I've been playing around with rtl-sdr as a way to stream trunking radio and air band traffic. I've done a bit of research and found people who are using multiple dongles, one to digest the control channel and one or more to tune and receive the voice channels as the talk groups come and go. They're also using multiple dongles and/or squelch scanning to stream airband signals
Around here, all of the channels of the trunking system as well as all of the "interesting" fit inside the bandwidth of a dongle running at 3.6Msps. So, my question is this:
Would it not be more efficient to have a single tuner dongle outputting all of its samples over multicast (or into a shared memory segment for that matter, if you want to stay on the same host) and then having a bunch of decoder processes listening to the samples and decoding what they need out of them?

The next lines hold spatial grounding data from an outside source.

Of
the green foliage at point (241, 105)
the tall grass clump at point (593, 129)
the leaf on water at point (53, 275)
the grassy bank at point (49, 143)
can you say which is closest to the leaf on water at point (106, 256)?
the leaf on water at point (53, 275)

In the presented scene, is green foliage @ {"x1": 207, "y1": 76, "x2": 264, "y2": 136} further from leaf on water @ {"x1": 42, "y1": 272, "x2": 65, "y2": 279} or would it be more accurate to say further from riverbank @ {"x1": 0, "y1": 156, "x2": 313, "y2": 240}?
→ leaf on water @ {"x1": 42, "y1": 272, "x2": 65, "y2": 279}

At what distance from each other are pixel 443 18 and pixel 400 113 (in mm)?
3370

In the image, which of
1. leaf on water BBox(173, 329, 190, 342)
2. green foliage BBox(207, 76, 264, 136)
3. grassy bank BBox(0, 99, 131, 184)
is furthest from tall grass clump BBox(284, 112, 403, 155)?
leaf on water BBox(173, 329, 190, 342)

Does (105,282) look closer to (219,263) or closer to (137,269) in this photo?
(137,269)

Would it not be more efficient to have a single tuner dongle outputting all of its samples over multicast (or into a shared memory segment for that matter, if you want to stay on the same host) and then having a bunch of decoder processes listening to the samples and decoding what they need out of them?

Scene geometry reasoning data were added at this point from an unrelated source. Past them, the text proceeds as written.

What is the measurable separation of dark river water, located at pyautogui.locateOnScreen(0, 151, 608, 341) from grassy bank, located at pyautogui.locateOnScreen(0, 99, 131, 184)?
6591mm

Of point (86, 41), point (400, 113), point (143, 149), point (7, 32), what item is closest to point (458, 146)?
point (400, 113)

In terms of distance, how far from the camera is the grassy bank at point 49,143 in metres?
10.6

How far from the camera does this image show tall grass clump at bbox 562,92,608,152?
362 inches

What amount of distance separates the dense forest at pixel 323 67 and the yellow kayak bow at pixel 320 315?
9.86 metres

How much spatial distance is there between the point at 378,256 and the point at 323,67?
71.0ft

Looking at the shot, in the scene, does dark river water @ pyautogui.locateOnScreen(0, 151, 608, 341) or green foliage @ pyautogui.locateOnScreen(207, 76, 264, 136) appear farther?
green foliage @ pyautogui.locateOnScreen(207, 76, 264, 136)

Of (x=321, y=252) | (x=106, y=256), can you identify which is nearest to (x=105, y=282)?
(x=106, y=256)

I believe the dongles start to drop samples over 3.2Msps, so you may find you get a better quality signal by using multiple dongles with a lower sampling rate.

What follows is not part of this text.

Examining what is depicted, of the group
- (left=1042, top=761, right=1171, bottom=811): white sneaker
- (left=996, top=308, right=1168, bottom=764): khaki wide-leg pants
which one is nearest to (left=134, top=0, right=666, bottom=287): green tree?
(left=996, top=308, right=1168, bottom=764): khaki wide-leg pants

I don't think it is necessarily any more efficient to use one dongle instead of multiple, it just depends on whether the channels of interest fit within the bandwidth of the dongle. If they do, then great, you will only need one. If not then you don't have much of a choice.
Cheers, Adam.
Hello James,
You might use Linrad: http://www.sm5bsz.com/linuxdsp/linrad.htm Preferrable under Linux where performance is very good.
You can run a master instance of Linrad connected to the dongle and set it to send fourier transforms (fft1) as UDP to the network.
You can then runn a large number of linrad slaves that pick up the data and produce the sound output of the channels of your choice. You may use the squelch to make all the channels quiet when there is no signal. You may route all the channels to your loudspeaker and you can also save all the channels as separate .wav files at i.e. 8 kHz sampling rate which means 16 kB/s per channel. In case you want to monitor 10 channels that is 9.6 megabytes per hour. Normally you would throw those files away, but if something happens they might be interesting. You can also save the raw data, but linrad would save 16 bit per sample which means 3.2*2*2=12.8 megabytes per second which is 46 gigabytes per hour. Still, with a modern disk you can save 24 hours (1.1 TB) in a single file. In case there was no interesting event, just delete it. You can use Linrad to save a small fraction of the big file just as if it were a signal from the antenna.
Linrad is a bit different from other SDR software and many people find it has a steeper learning curve. Depending on who you are this may be more or less true. Linrad is quite general and a bit old-fashioned. You do not have buttons for USB CW or LSB. The user has to set a suitable bandwidth and place the BFO at a suitable point outside the filter for those modes. One can also place the BFO inside the filter or far outside for other modes just as in radios from 1960 and earlier.
Regards
Leif / SM5BSZ
I've been playing around with rtl-sdr as a way to stream trunking radio and air band traffic. I've done a bit of research and found people who are using multiple dongles, one to digest the control channel and one or more to tune and receive the voice channels as the talk groups come and go. They're also using multiple dongles and/or squelch scanning to stream airband signals
Around here, all of the channels of the trunking system as well as all of the "interesting" fit inside the bandwidth of a dongle running at 3.6Msps. So, my question is this:
Would it not be more efficient to have a single tuner dongle outputting all of its samples over multicast (or into a shared memory segment for that matter, if you want to stay on the same host) and then having a bunch of decoder processes listening to the samples and decoding what they need out of them?